04/30/2012 04:22 pm ET Updated Apr 30, 2012

Syed Ali Misses Mother's Funeral After Being Denied Access To Wells Fargo Safe Deposit Box

Because his bank wouldn’t grant him access to his own safe deposit box, a New Jersey man alleges he was unable to see his dying mother for a last time before she passed away.

When Syed Ali found out his dying mother in India didn’t have much time left to live, he decided to fly home. So he went to collect his passport from his safe deposit box at a local Wells Fargo, only to discover he wouldn't be granted access to the box since his passport, the only photo ID he owned, was already inside the safe, The Star-Ledger reports (h/t The Consumerist).

The Federal Deposit Insurance Corporation recommends customers don't place passports in their safe deposit boxes, nor anything that may be useful in case of an emergency. Here's the FDIC on what shouldn't go in the box:

Anything you might need in an emergency, in case your bank is closed for the night, the weekend or a holiday. Possible examples: originals of a "power of attorney" (your written authorization for another person to transact business on your behalf), passports (in case of an emergency trip), medical-care directives if you become ill and incapacitated, and funeral or burial instructions you make.

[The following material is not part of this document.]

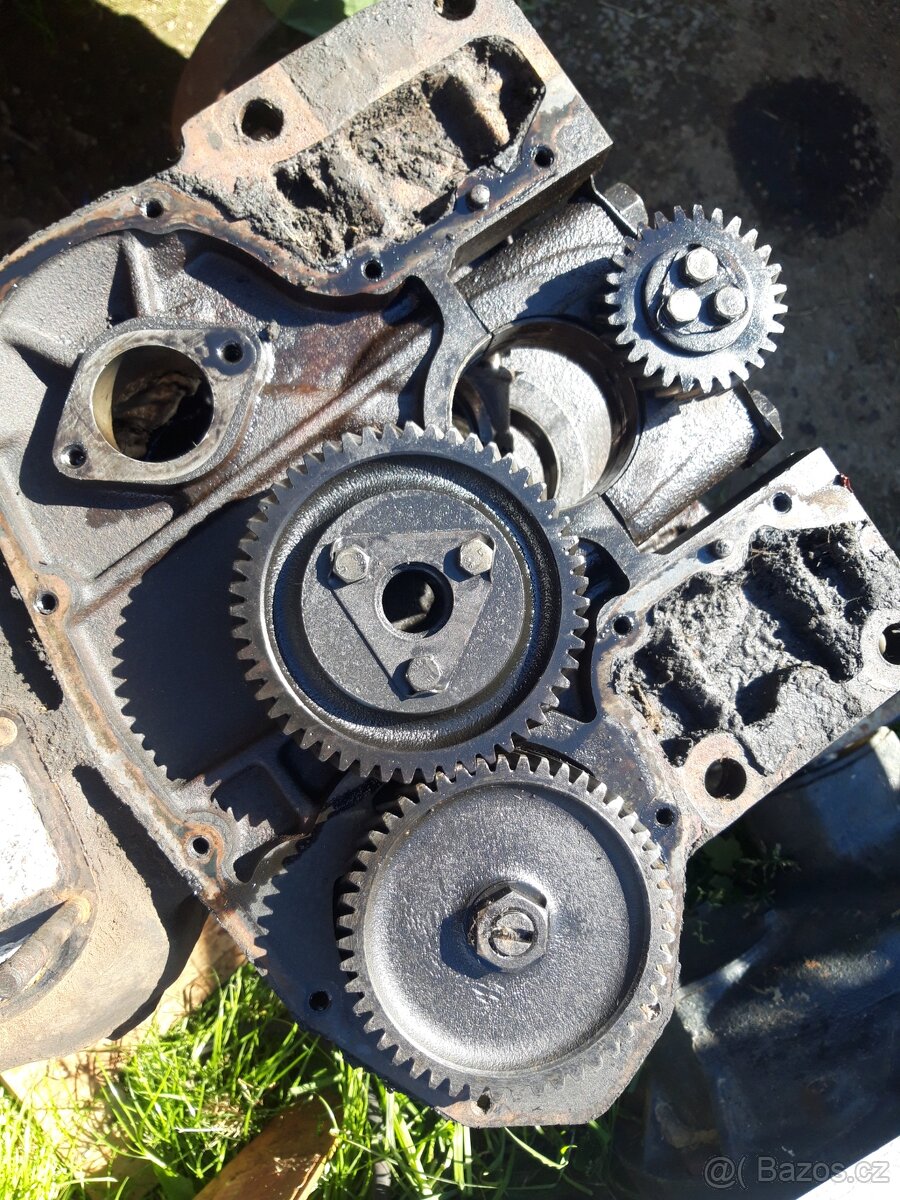 Zetor Crystal motor 8001 - 3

Consider giving the originals to your attorney, and making copies to go in your safe deposit box or to give a close friend or relative.

After the Star-Ledger contacted the bank, Ali was ultimately allowed access to the box. Unfortunately, by then it was too late: He had even missed most of the funeral proceedings. Ali isn't the only one to win a battle with his bank thanks to media intervention. Robert Whitten, a man who was told by Bank of America that he was no longer entitled to a free lifetime checking account he’d won years earlier, got out of being charged account fees when he contacted ABC News with the story.

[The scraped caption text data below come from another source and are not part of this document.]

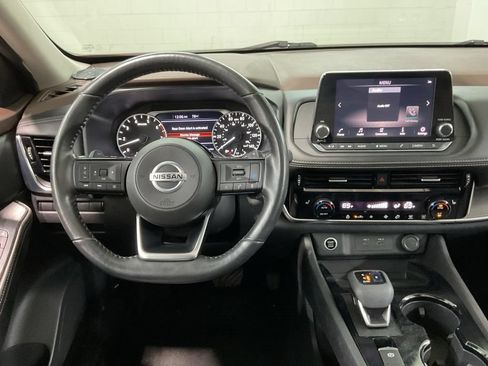 Used 2021 Nissan Rogue SV w/ Premium Package AWD/4WD image 8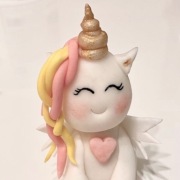 Figurka z masy cukrowej jednorożec unicorn na tort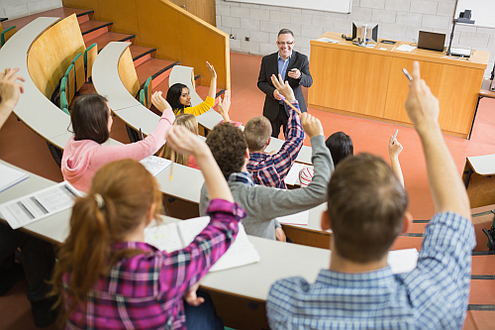 Studierende im Hörsaal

Likewise, national media attention helped veteran John McDevitt win a battle with Bank of America after the bank had previously refused to reimburse him when he was fraudulently charged more than $25,000 during a trip in Greece.

Despite the tragic circumstances of Ali’s episode, recent headlines may provide some justification to the bank's point. Earlier this month three masked men robbed a safe deposit box facility in Las Vegas, FOX5 Vegas reports. More recently a man in Minneapolis was arrested after telling a bank employee he’d planted a bomb in his safe deposit box, Patch reports. Turns out the box contained little more than some personal documents and a few packets of artificial sweetener. The man now faces a maximum penalty of three years in prison and a $3,000 fine for making terroristic threats.

Other times it's more a simple case of a safe deposit box being drilled into and wiped clean, as happened to a couple just this month, according to CBS San Francisco.

It's important to note that, unlike bank deposits, safe deposit boxes are not insured by the FDIC, as U.S. News points out.